* Short descriptive text snippets:
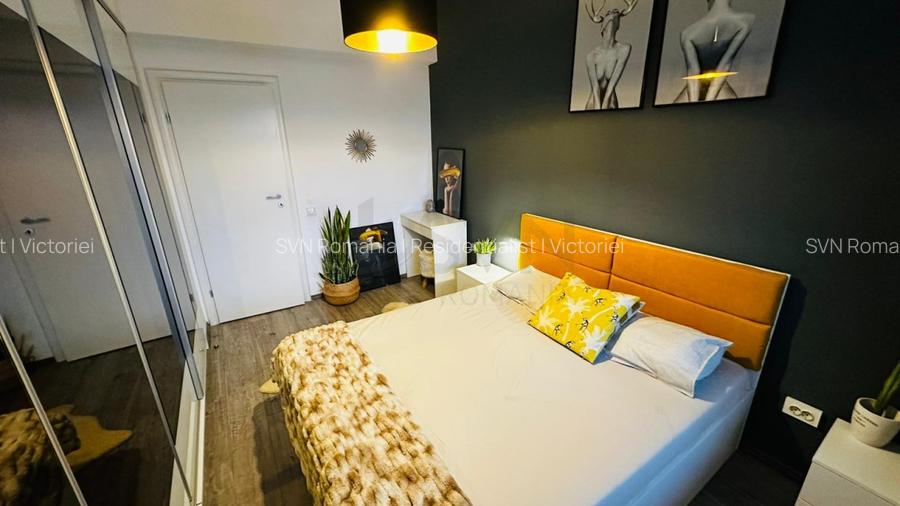 REA1028710 Apartament 2 camere I Mobilat si utilat I Bloc 2018 - 3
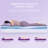 Sersper Cooling Memory Foam Mattress with Supportive Pressure Relief for Back Pain, Copper Gel & Bamboo Charcoal Infused - Medium Firmness, 8/10/12/14 Inch-93755410-62029256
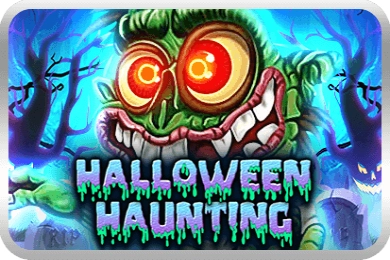 Halloween Haunting slot by UU Slots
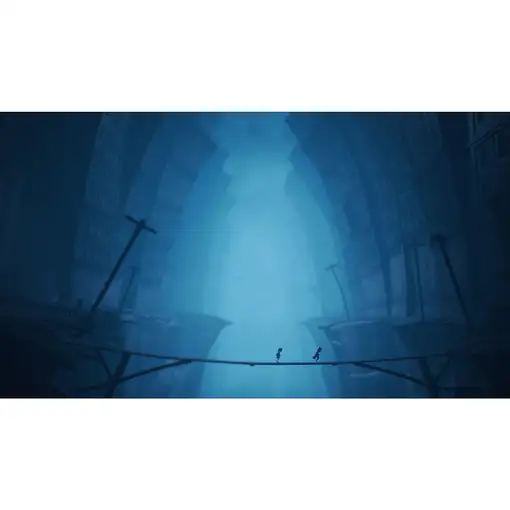 BANDAI NAMCO Entertainment Little Nightmares 1 + 2 Bundle Plurilingüe Nintendo Swi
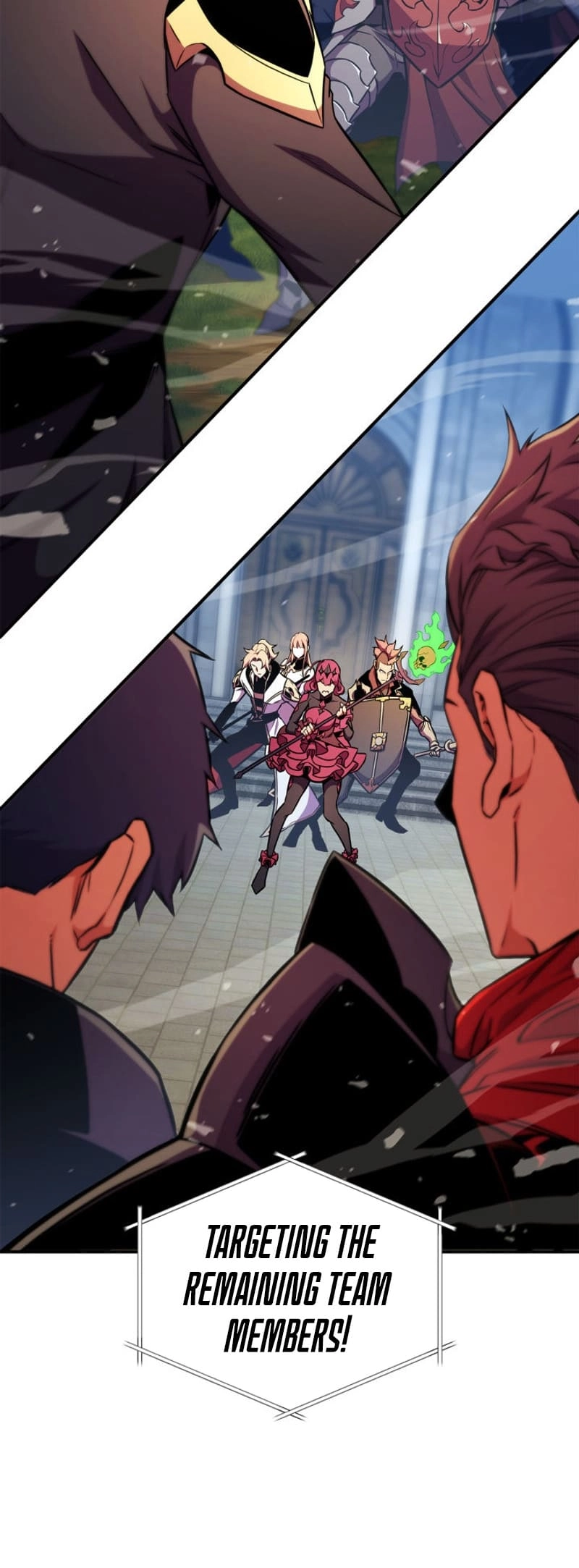 Ranker's Return Chapter 170, page 71 of 77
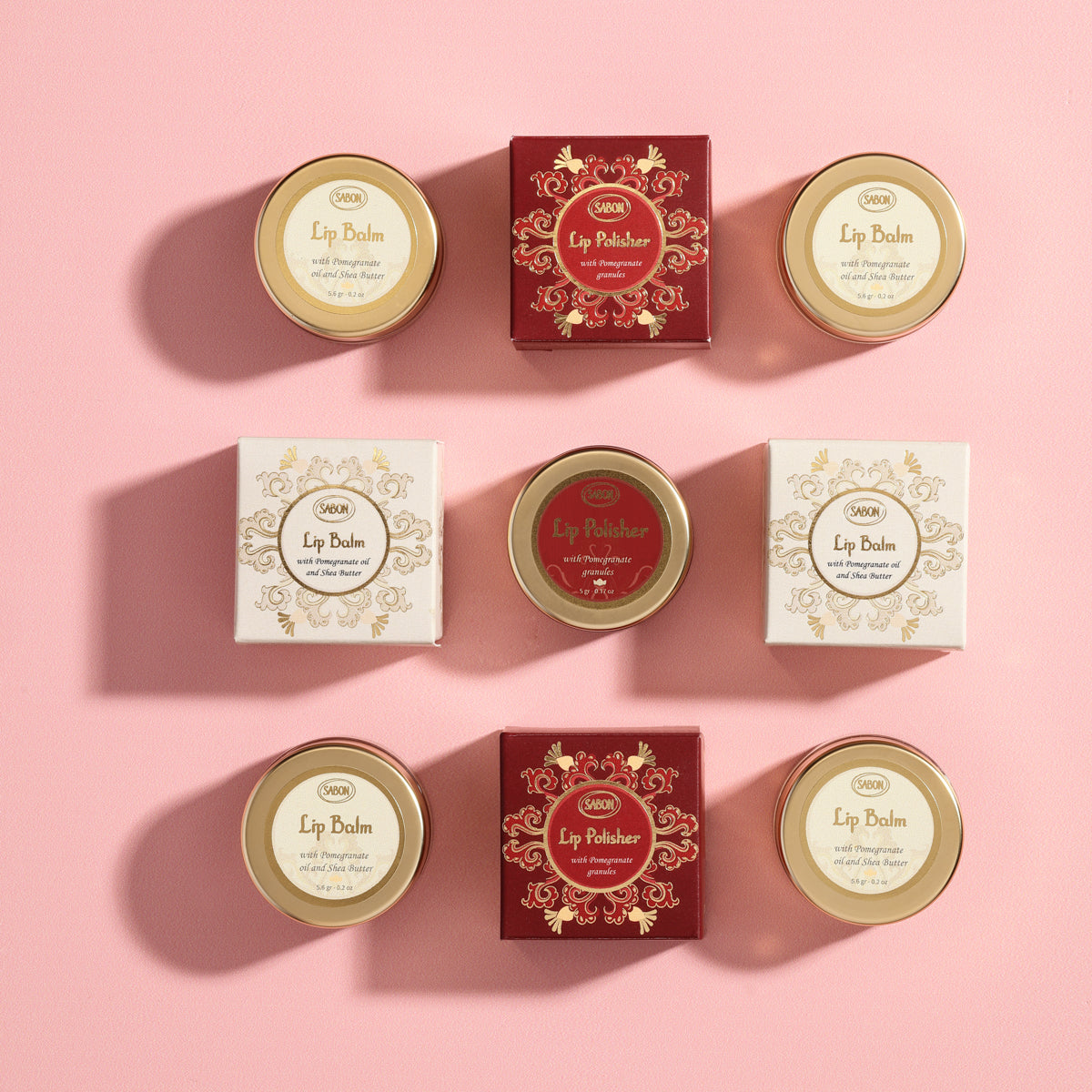 Lip Balm Pomegranate 5g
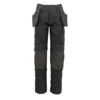 SPRINGFIELD TROUSERS WITH HOLSTER POCKETS DARK ANTHRACITE (L32W27) thumbnail-0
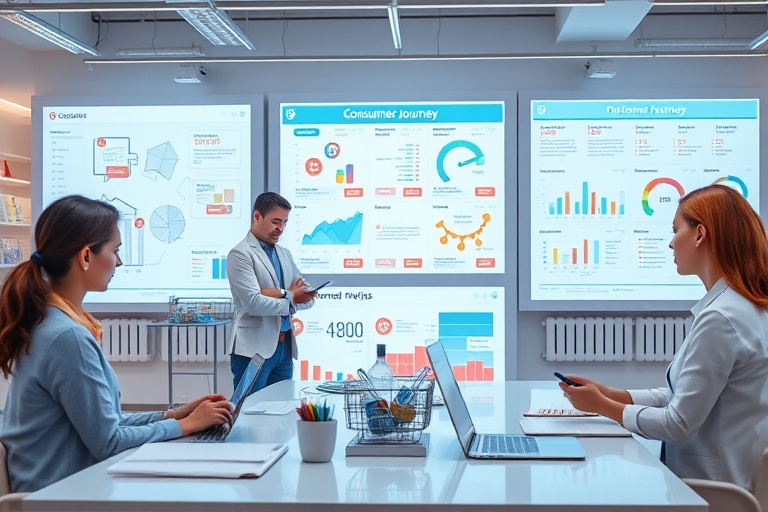 Consumer Behavior Analysis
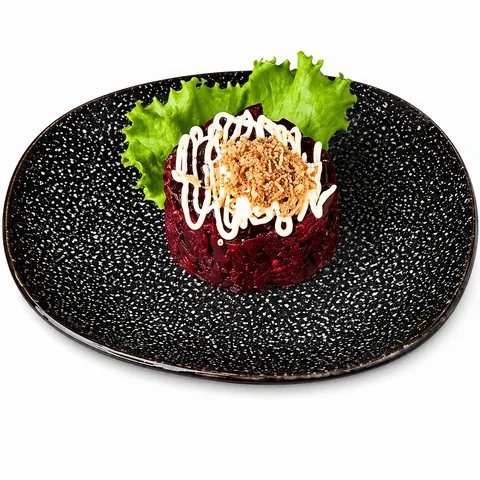 Салат из свеклы
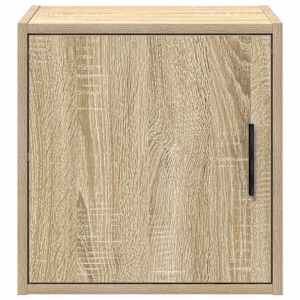 Garážová nástěnná skříň Sonoma Oak Engineered Wood - obrázek 6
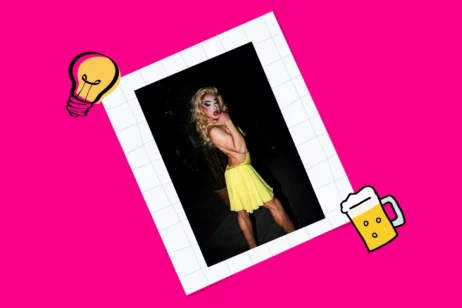 Pubquiz 73 Drag-Edition im Haus 73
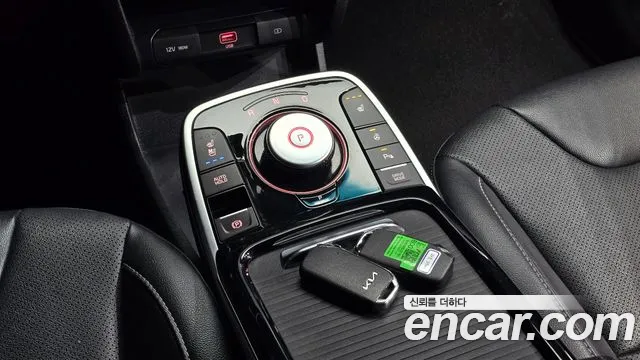 Kia Niro Niro Plus Air — Фото автомобиля 9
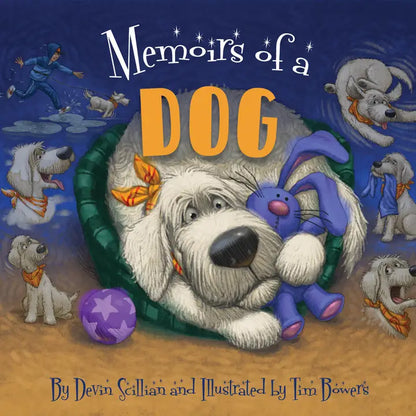 Memoirs of A Dog Picture Book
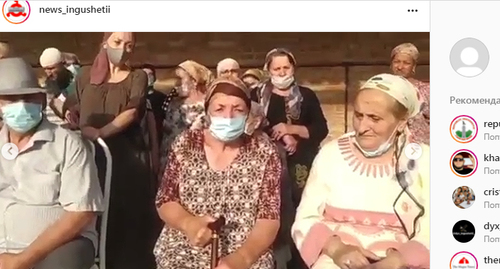 Чиновники в Ингушетии отказывают в жилье переселенцам из Чечни 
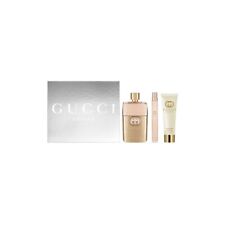 Gucci Guilty Set Eau De Parfum 100 ml + 10 ml + Body Lotion 50 ml Profumo Donna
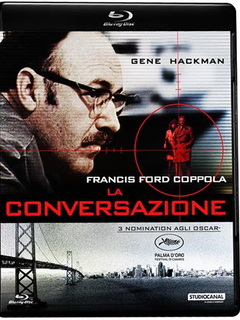 La conversazione (1974) Full BluRay AVC 1080p DTS-HD MA 5.1 ENG DTS Multi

* What is needed:
Each line from the one containing "Pubquiz 73 Drag-Edition im Haus 73" through the last line of the entries above should be duplicated exactly, both included; leave out pictures and add nothing.

* Solution to the problem:
 Pubquiz 73 Drag-Edition im Haus 73
 Kia Niro Niro Plus Air — Фото автомобиля 9
 Memoirs of A Dog Picture Book
 Чиновники в Ингушетии отказывают в жилье переселенцам из Чечни 
 Gucci Guilty Set Eau De Parfum 100 ml + 10 ml + Body Lotion 50 ml Profumo Donna
 La conversazione (1974) Full BluRay AVC 1080p DTS-HD MA 5.1 ENG DTS Multi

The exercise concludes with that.